» AIM OF THE TASK
Line by line, repeat the material below exactly and skip the images.

» RECORD EXCERPTS
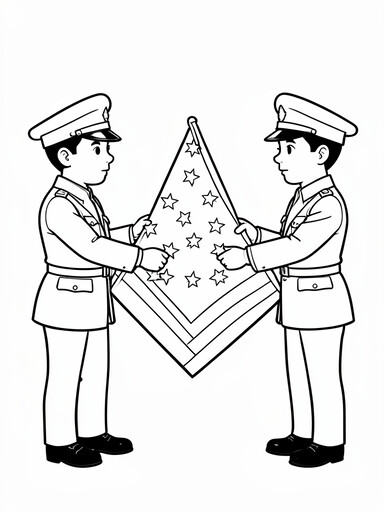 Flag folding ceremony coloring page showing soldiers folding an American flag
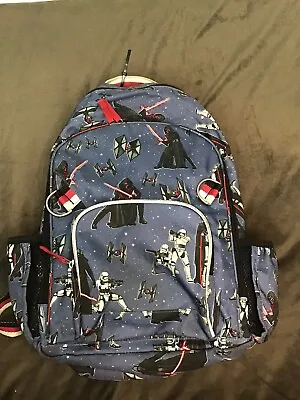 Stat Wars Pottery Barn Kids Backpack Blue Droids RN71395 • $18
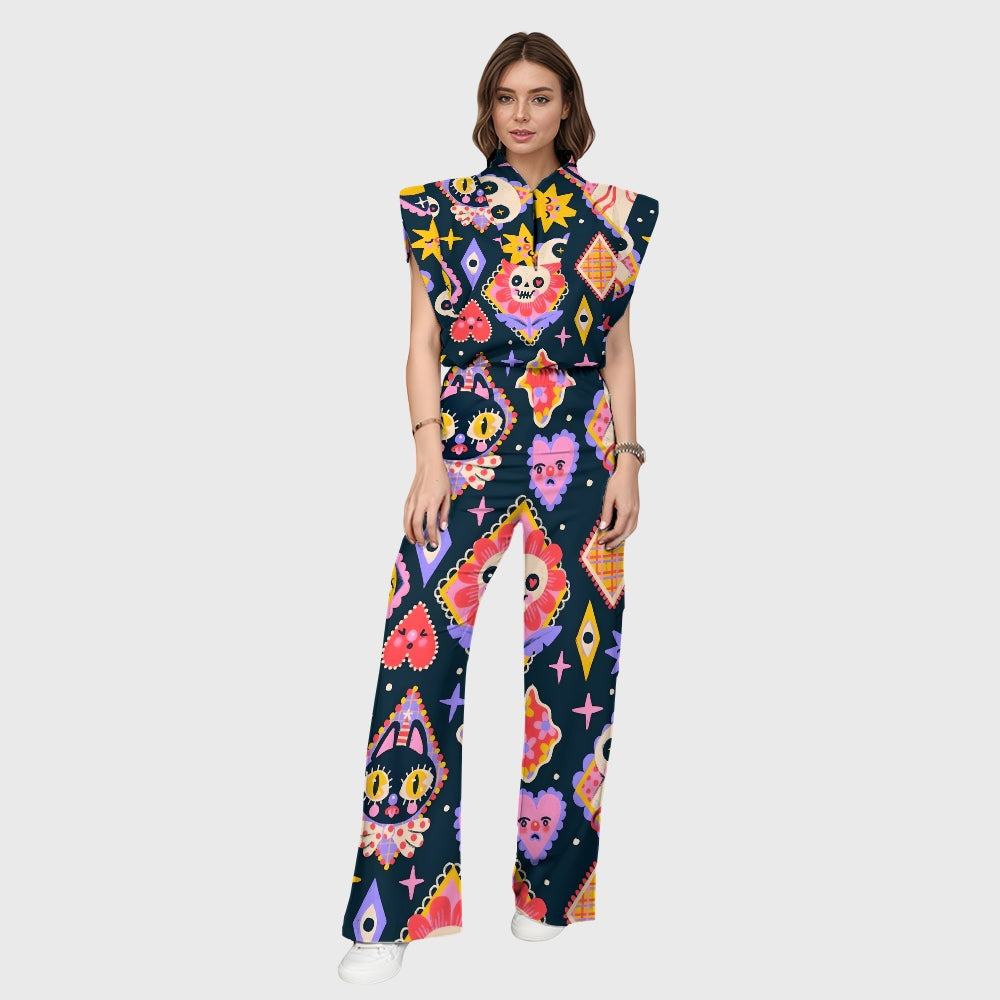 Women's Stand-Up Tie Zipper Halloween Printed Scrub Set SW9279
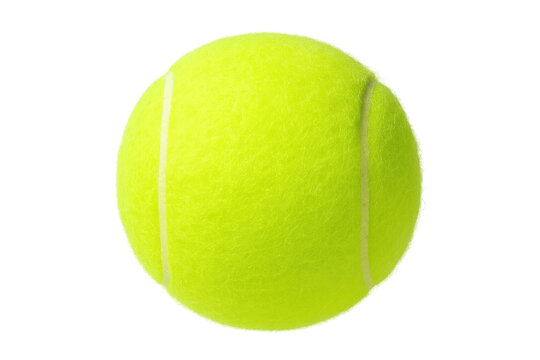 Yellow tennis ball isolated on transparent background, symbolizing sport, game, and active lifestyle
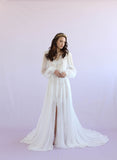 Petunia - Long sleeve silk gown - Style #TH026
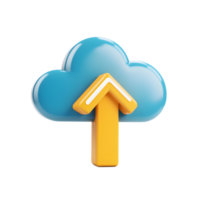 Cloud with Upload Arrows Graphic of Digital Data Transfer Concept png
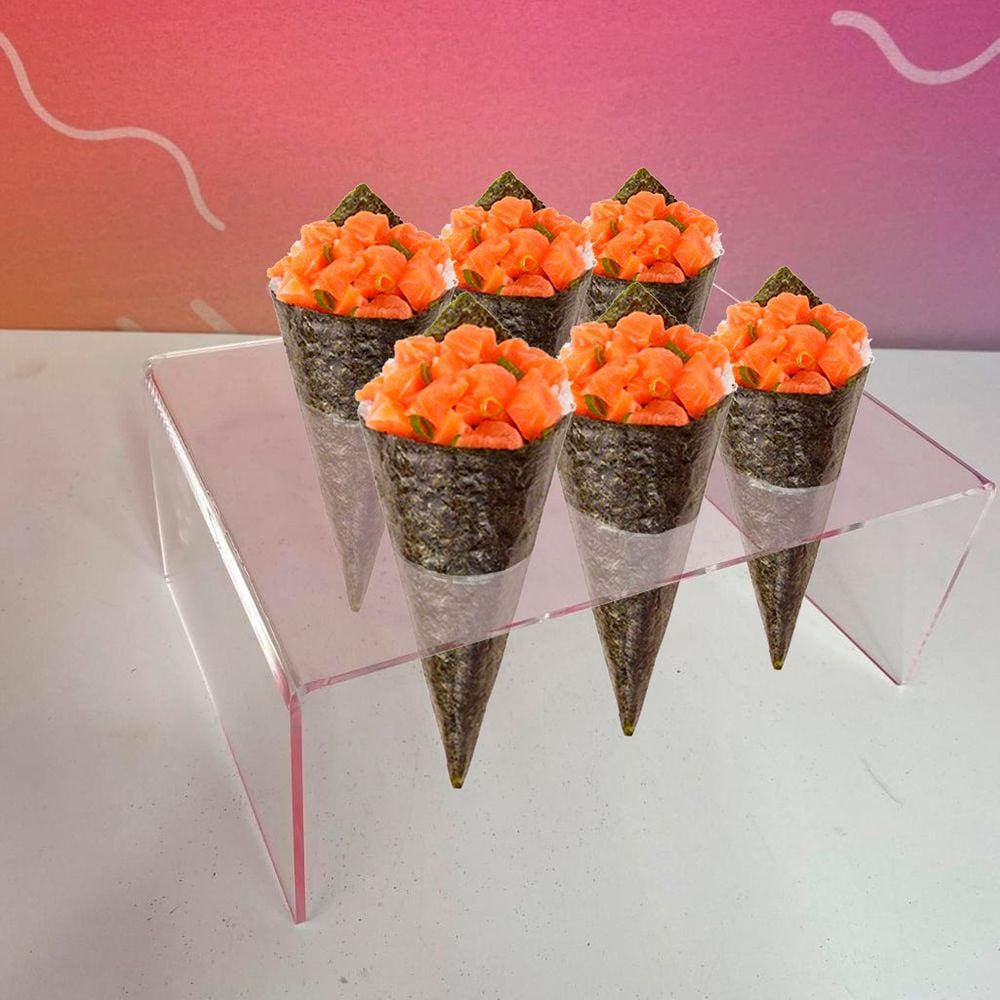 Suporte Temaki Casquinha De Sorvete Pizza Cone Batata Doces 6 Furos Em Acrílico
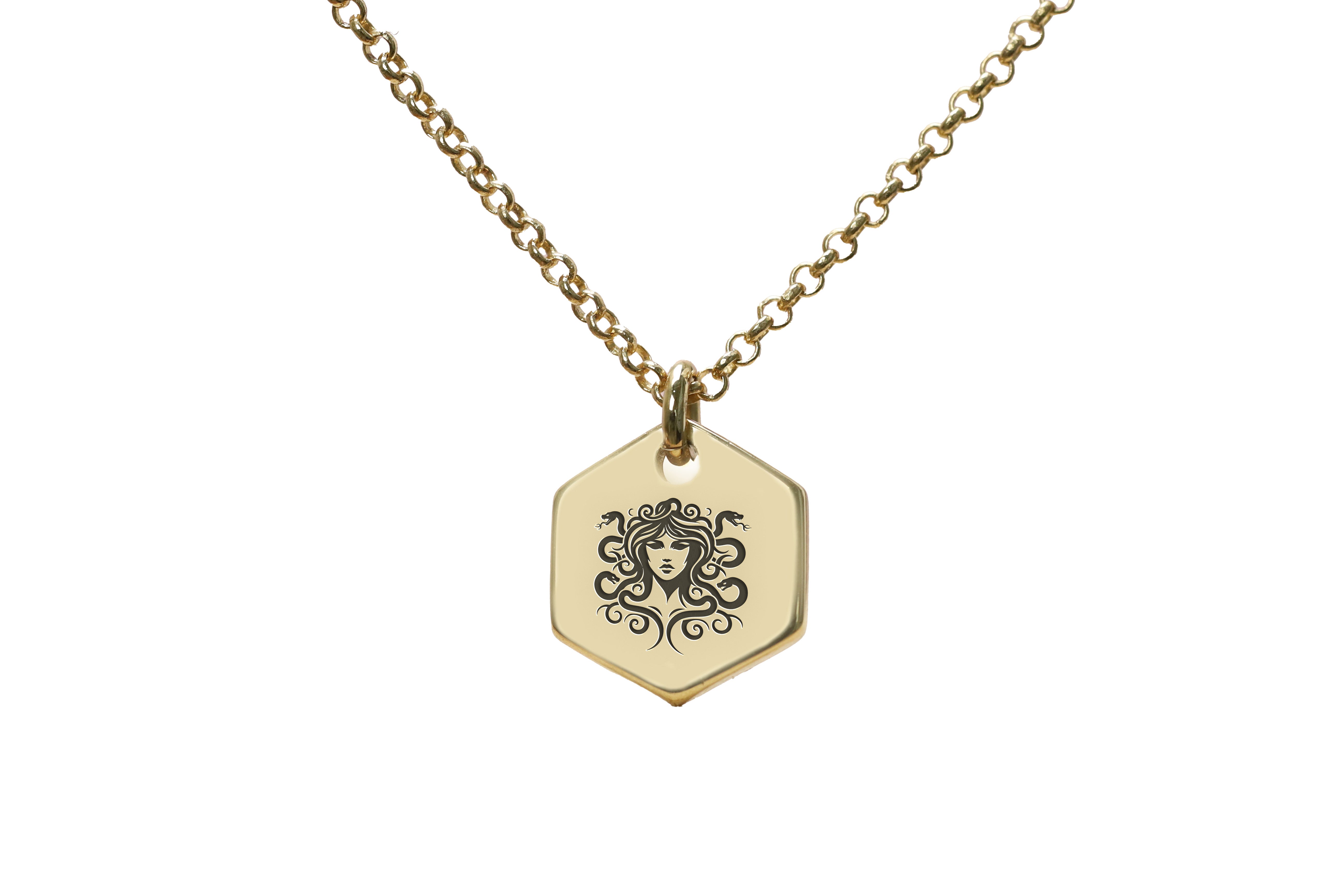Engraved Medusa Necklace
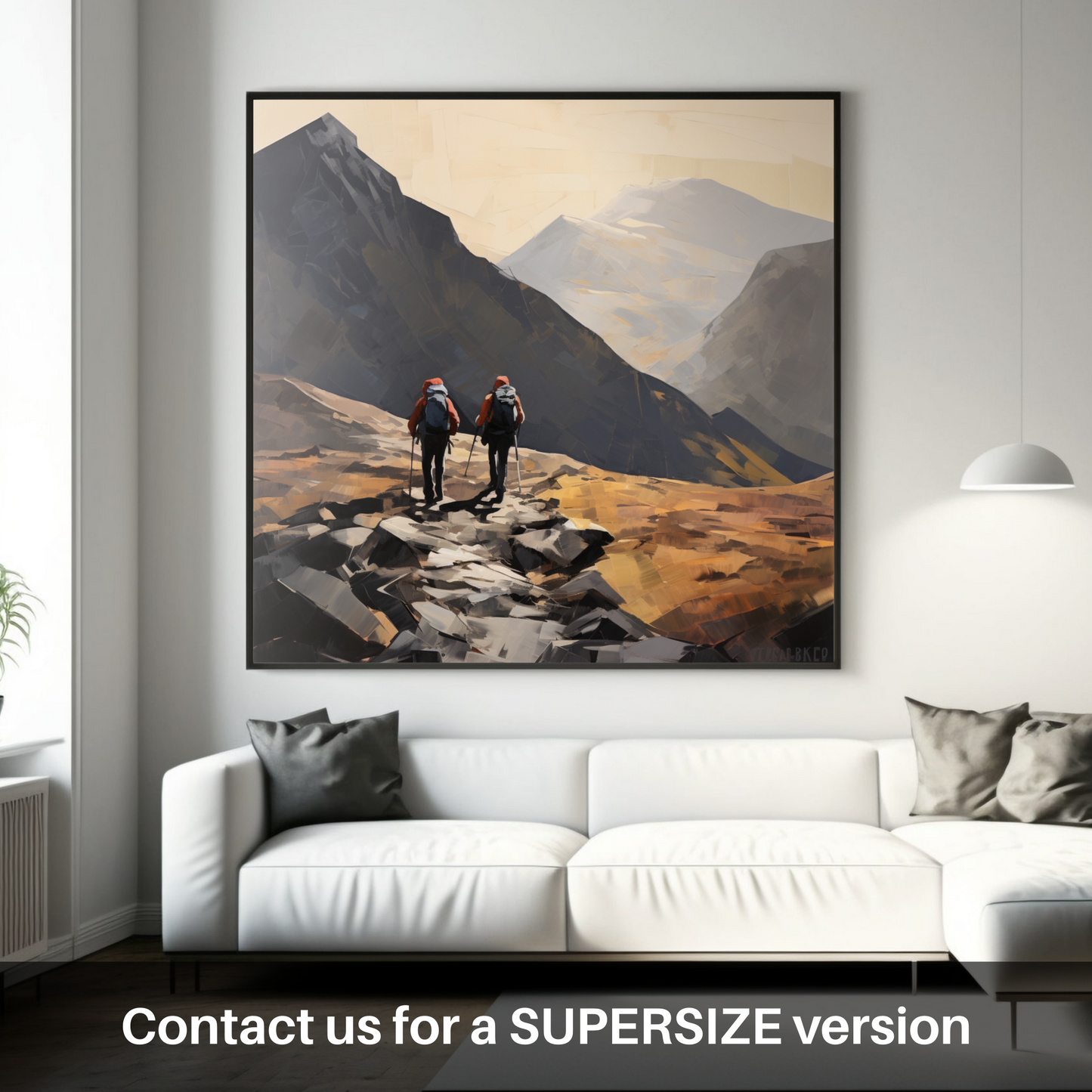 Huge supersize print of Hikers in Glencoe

» OUTPUT OF THE TASK
 Flag folding ceremony coloring page showing soldiers folding an American flag
 Stat Wars Pottery Barn Kids Backpack Blue Droids RN71395 • $18
 Women's Stand-Up Tie Zipper Halloween Printed Scrub Set SW9279
 Yellow tennis ball isolated on transparent background, symbolizing sport, game, and active lifestyle
 Petunia - Long sleeve silk gown - Style #TH026
 Cloud with Upload Arrows Graphic of Digital Data Transfer Concept png
 Suporte Temaki Casquinha De Sorvete Pizza Cone Batata Doces 6 Furos Em Acrílico
Engraved Medusa Necklace
 Huge supersize print of Hikers in Glencoe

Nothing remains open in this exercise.